Task details -
Transcribe only the lines in the data below falling between the line with "We'll walk through" and the line with "I'm going to add", including those two lines, and leave out any picture.

Data -
────────────────

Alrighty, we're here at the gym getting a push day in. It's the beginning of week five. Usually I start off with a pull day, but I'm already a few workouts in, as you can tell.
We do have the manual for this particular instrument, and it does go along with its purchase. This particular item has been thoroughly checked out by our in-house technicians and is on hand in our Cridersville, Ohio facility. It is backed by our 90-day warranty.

────────────────

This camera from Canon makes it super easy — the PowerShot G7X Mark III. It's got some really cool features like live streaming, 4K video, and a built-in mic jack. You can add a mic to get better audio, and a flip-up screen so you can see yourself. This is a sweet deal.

────────────────

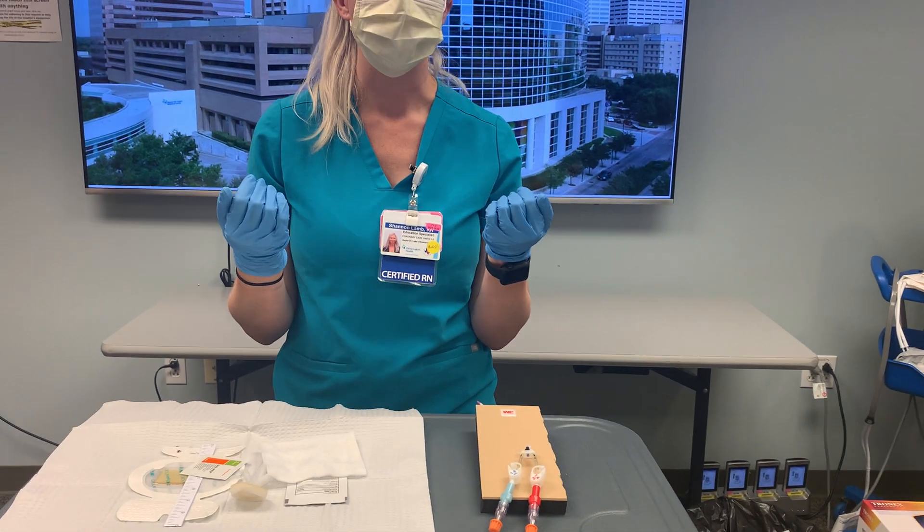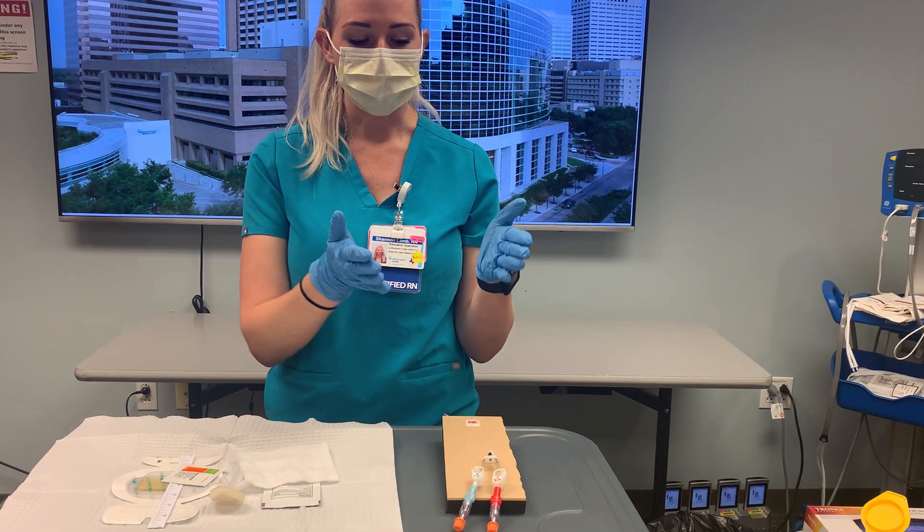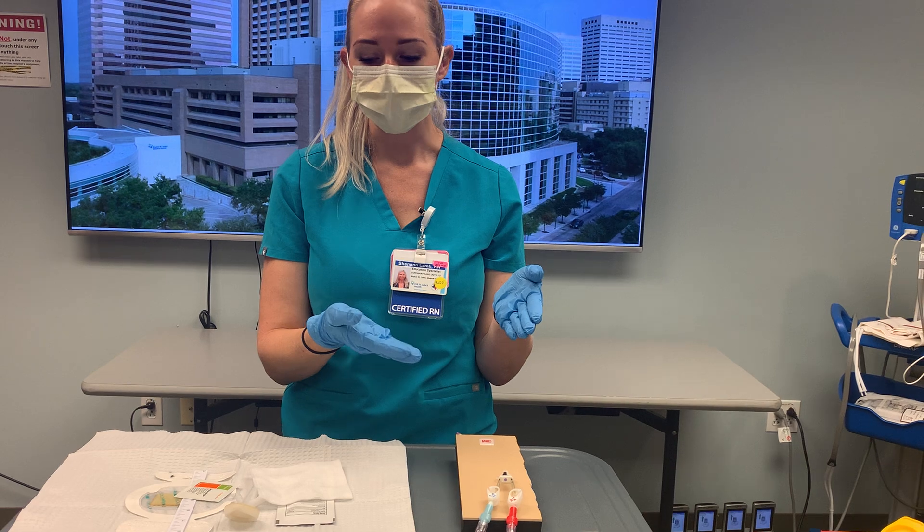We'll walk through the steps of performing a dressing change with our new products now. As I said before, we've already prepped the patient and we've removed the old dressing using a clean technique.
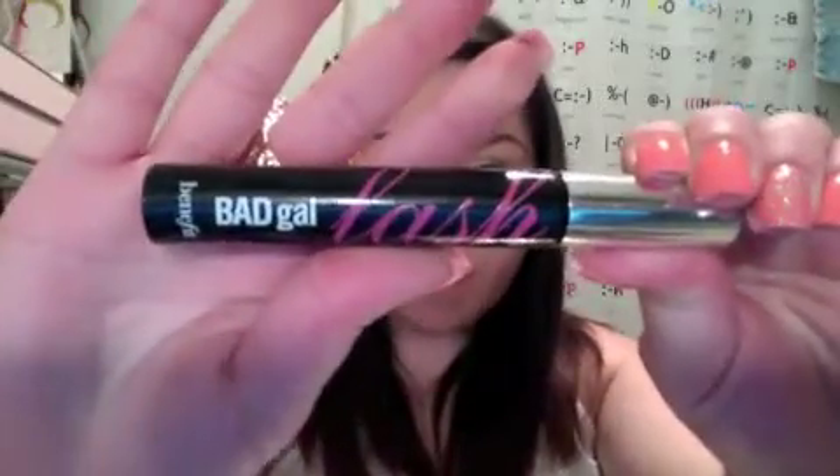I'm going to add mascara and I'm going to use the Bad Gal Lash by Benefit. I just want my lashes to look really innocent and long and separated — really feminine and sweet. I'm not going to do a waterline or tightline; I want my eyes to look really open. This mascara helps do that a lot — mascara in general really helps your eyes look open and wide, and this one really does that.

────────────────

Task result -
We'll walk through the steps of performing a dressing change with our new products now. As I said before, we've already prepped the patient and we've removed the old dressing using a clean technique.
I'm going to add mascara and I'm going to use the Bad Gal Lash by Benefit. I just want my lashes to look really innocent and long and separated — really feminine and sweet. I'm not going to do a waterline or tightline; I want my eyes to look really open. This mascara helps do that a lot — mascara in general really helps your eyes look open and wide, and this one really does that.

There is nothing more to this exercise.